2. **Deeper models**: Adding more layers to your encoder and decoder can help capture more complex patterns and dependencies in the input and output sequences. This can be achieved using [nn.GRU](https://pytorch.org/docs/stable/generated/torch.nn.GRU.html) or [nn.LSTM](https://pytorch.org/docs/stable/generated/torch.nn.LSTM.html) with a larger `num_layers` argument.

3. **Other encoders**: Instead of using a GRU-based encoder, you could experiment with LSTM or attention-based encoders. LSTMs can be implemented using [nn.LSTM](https://pytorch.org/docs/stable/generated/torch.nn.LSTM.html) in PyTorch, while attention mechanisms can be incorporated using [nn.MultiheadAttention](https://pytorch.org/docs/stable/generated/torch.nn.MultiheadAttention.html). The original paper for LSTMs can be found [here](https://www.mitpressjournals.org/doi/abs/10.1162/neco.1997.9.8.1735), and the paper introducing attention mechanisms is available [here](https://arxiv.org/abs/1409.0473).

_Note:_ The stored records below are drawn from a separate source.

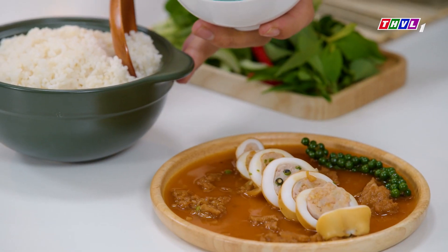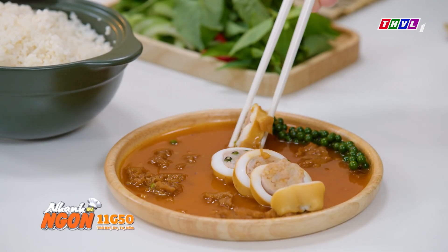This is a good food. I will take a spoon, and I will take a spoon, and I will take a spoon.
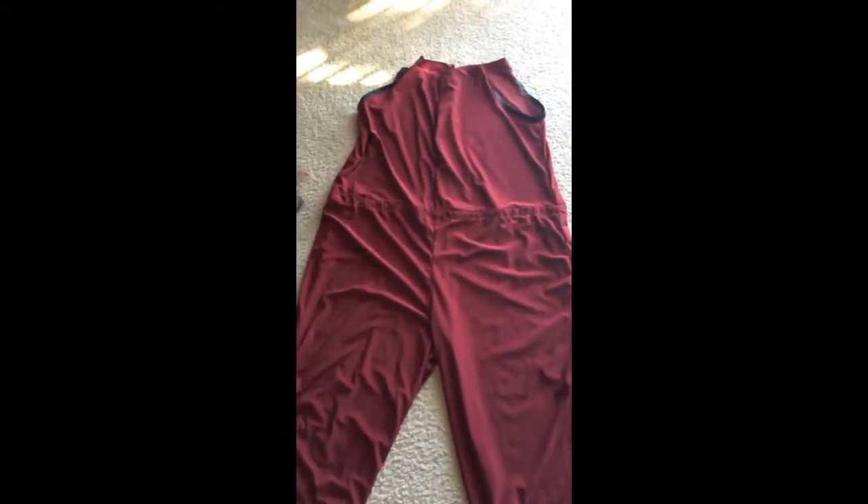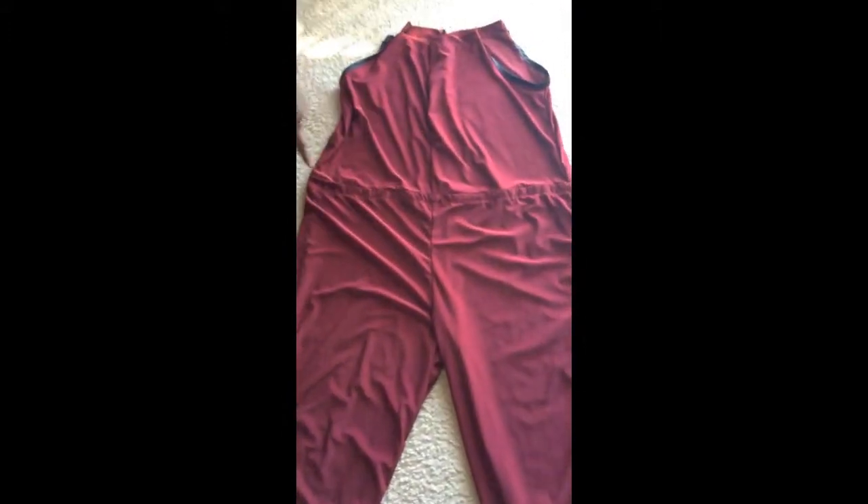As you can see, I've finished all the raw edges by serging them. It just gives your work a neat, refined finish. I'll check back in a little bit. Alright, my savvy sewers, so far I've just done my casing.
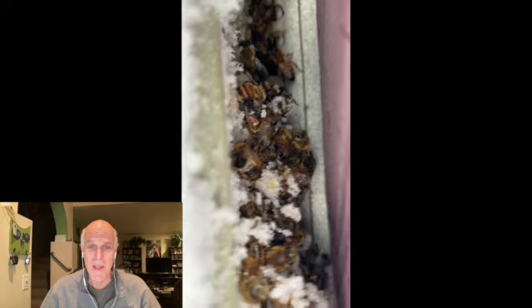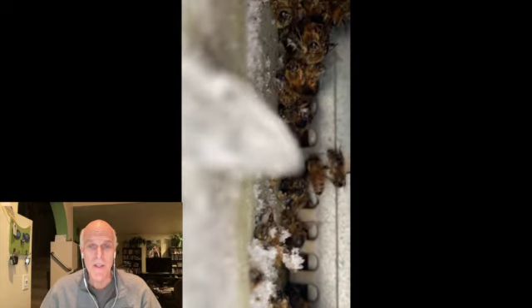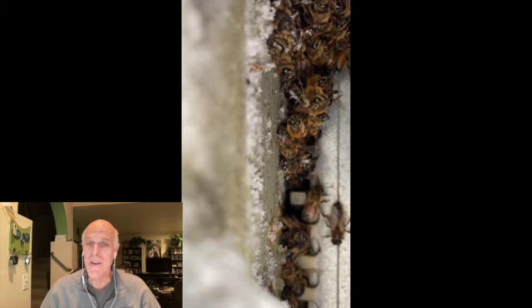So, here we are at Al's house. You can see bees crawling outside the mouse guard, and if you look closely, there are some crawling inside the mouse guard as well. As you have probably guessed, living bees are the very best indication that the colony is alive and well.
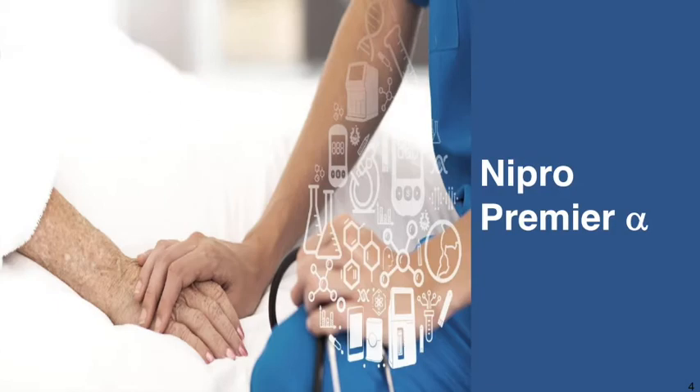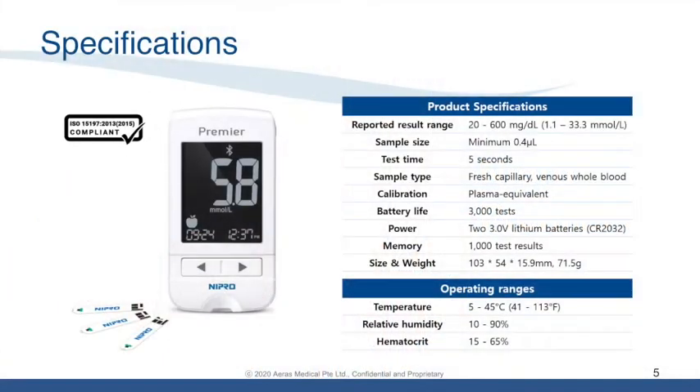The Nipro Premier Alpha is an EN ISO 15197:2015 compliant blood glucose meter. To highlight a few key points: it is capable of storing up to 1,000 test results at any one point, with a battery life lasting 3,000 tests. Its required blood sample size is very small — only 0.4 microliters. It is also able to operate within a hematocrit level of 15% to 65%.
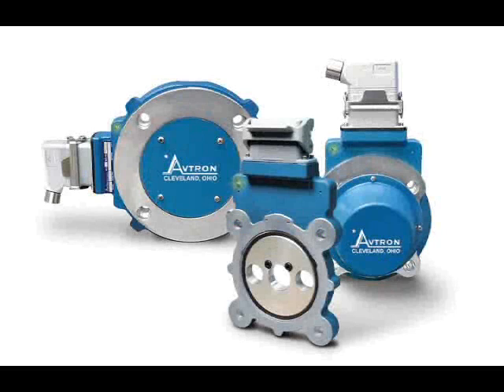Avtron AV-56, 67, 85, and 115 Thinline 2 installation.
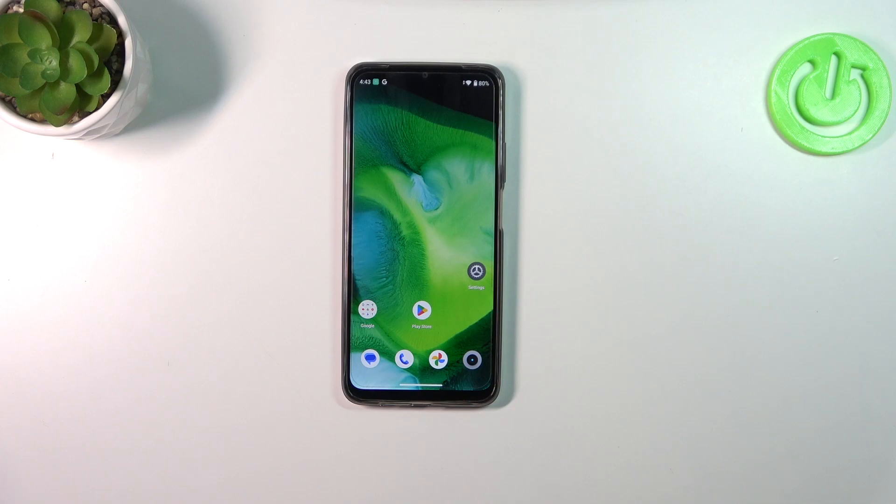Hi everyone. In front of me I've got Realme Narzo N53 and let me share with you how to soft reset this device.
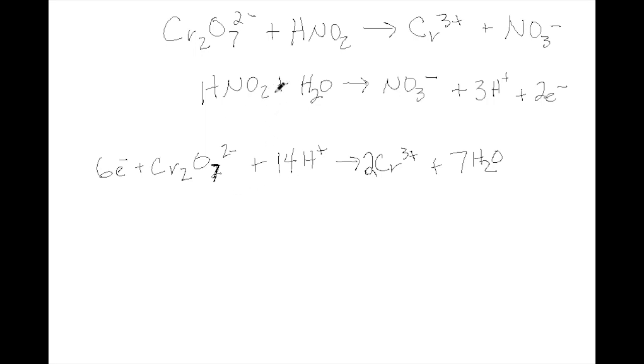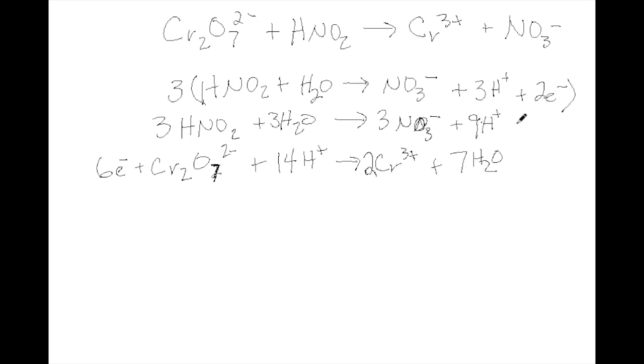Now we need to equalize the electrons. In the first half reaction — the oxidation — we're producing 2 electrons. We need to produce 6 electrons, so we're going to multiply the oxidation reaction by 3. Everything in that half reaction needs to be multiplied by 3. After multiplying everything by 3, we see that we produce 6 electrons in the oxidation and we're going to use 6 electrons in the reduction.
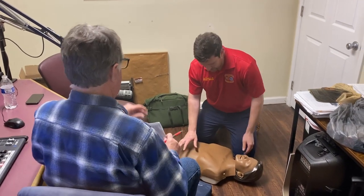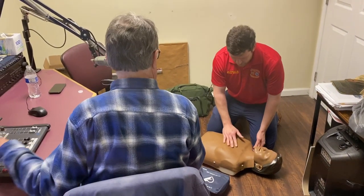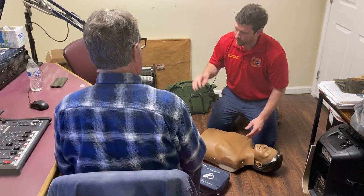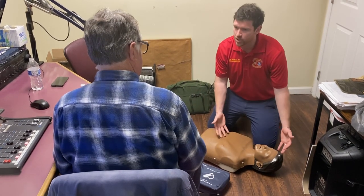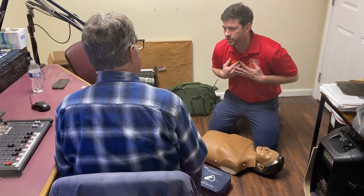So we have an AED machine here too, but we're going to do chest compressions first. I've gotten down and I'm kneeling. He's not responding, and I'm tapping on him. I'm trying to stimulate him to wake up, and I've noticed that he's not breathing normally. So I'm calling for help — taking my phone out of my pocket, calling 911, putting it on speaker. This person is unresponsive and not breathing normally, so I'm going to start chest compressions.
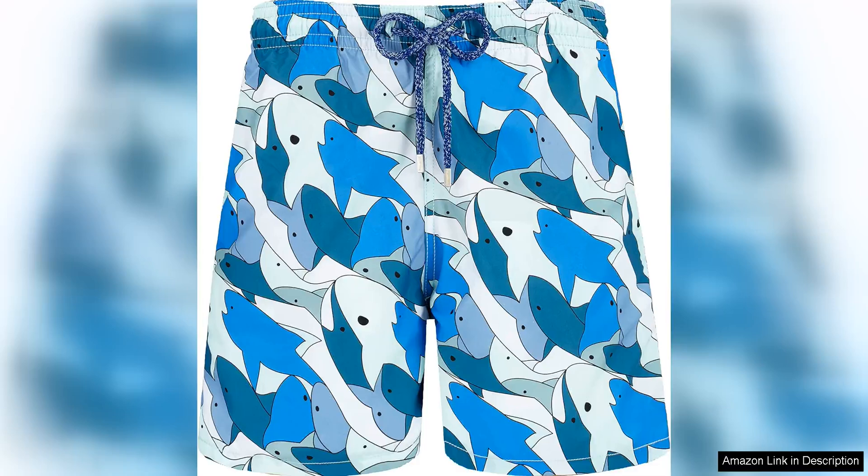With vibrant colors and playful patterns, these swim shorts are a staple for any man's summer wardrobe. The shark all-around design is especially eye-catching, featuring a fun and quirky shark print that adds a touch of personality to your beach or poolside look.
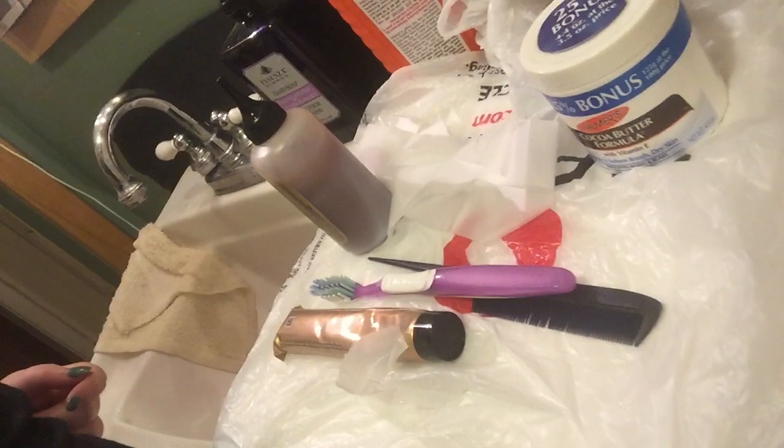I'm just gonna put this cocoa butter stuff around my forehead and the back of my neck so I don't get dye on my face. Sorry, my video cut out. So I put the stuff on my forehead and around my face, and now I'm waiting — I did a small patch test — just waiting a few minutes to see if I'm allergic to it, which I shouldn't be.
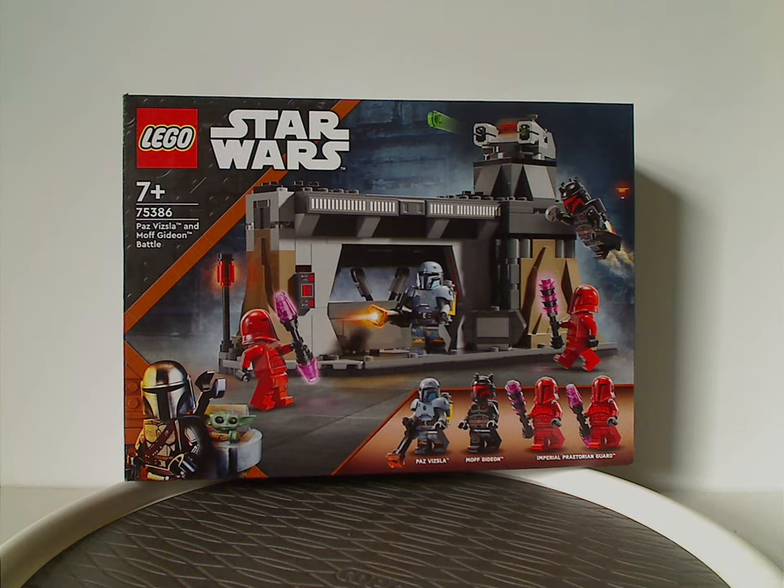Well, hey everyone, here I am with another LEGO Star Wars review, and this one's on the Paz Vizsla and Moff Gideon battle set that just got released. I forgot to mention in my Mandalorian Ambush Battle Pack review, which is why the piece count isn't present for that — I got these at a store called Briggs and Minifigs, which there is a chain of here in the US.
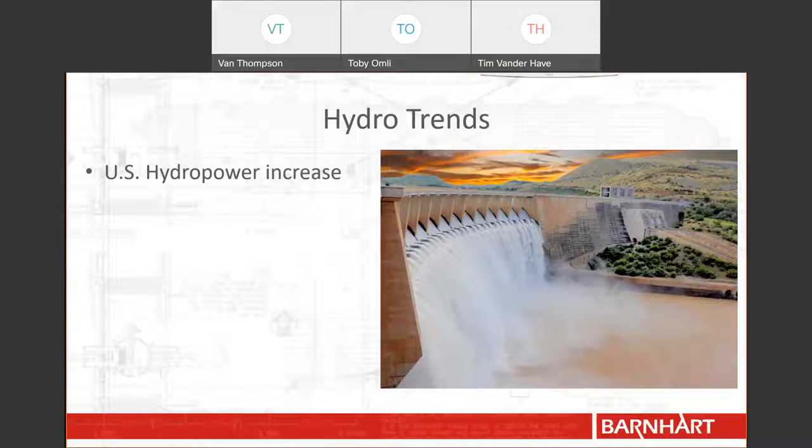In the Department of Energy's January 2021 report, Barnhart was able to learn a few things regarding the hydro industry. The report stated that between 2010 and 2019, the U.S. has added 1,688 megawatts of hydropower to our grid. At the end of 2019, there were 217 projects planned in the U.S. alone, which would account for an additional 1,490 megawatts of hydropower production to be added to the grid in coming years.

4. **Better generation strategies.** Greedy, token-at-a-time prediction works fine here, but can generate bland and repetitive text in more typical NLP applications where the tokens are words.  Some smarter alternatives are:
    - **Beam search**: Beam search is a popular search algorithm used in many sequence-to-sequence tasks. It maintains a fixed-size set (beam) of the most likely partial sequences (hypotheses) at each step and expands them further. This helps to avoid the limitations of a purely greedy approach by exploring a larger search space, potentially leading to better final predictions. You can find a good [introduction to beam search on Wikipedia](https://en.wikipedia.org/wiki/Beam_search)
    - **Sampling-based methods**: Sampling-based methods, such as top-k sampling and nucleus (top-p) sampling, are techniques used in natural language generation tasks to create more diverse and contextually relevant outputs. Instead of always choosing the most likely token, these methods sample tokens from the probability distribution of the logits, introducing some randomness while still favoring higher-probability tokens. Here are some resources for sampling-based methods: Top-k sampling: [Holtzman, A. et al. (2019). The Curious Case of Neural Text Degeneration.](https://arxiv.org/abs/1904.09751); Nucleus (top-p) sampling: [Radford, A. et al. (2019). Language Models are Unsupervised Multitask Learners.](https://d4mucfpksywv.cloudfront.net/better-language-models/language_models_are_unsupervised_multitask_learners.pdf)


By exploring these advanced techniques and architectures, you can build more powerful models that can tackle a wide range of sequence-to-sequence learning tasks, including machine translation, natural language generation, and more.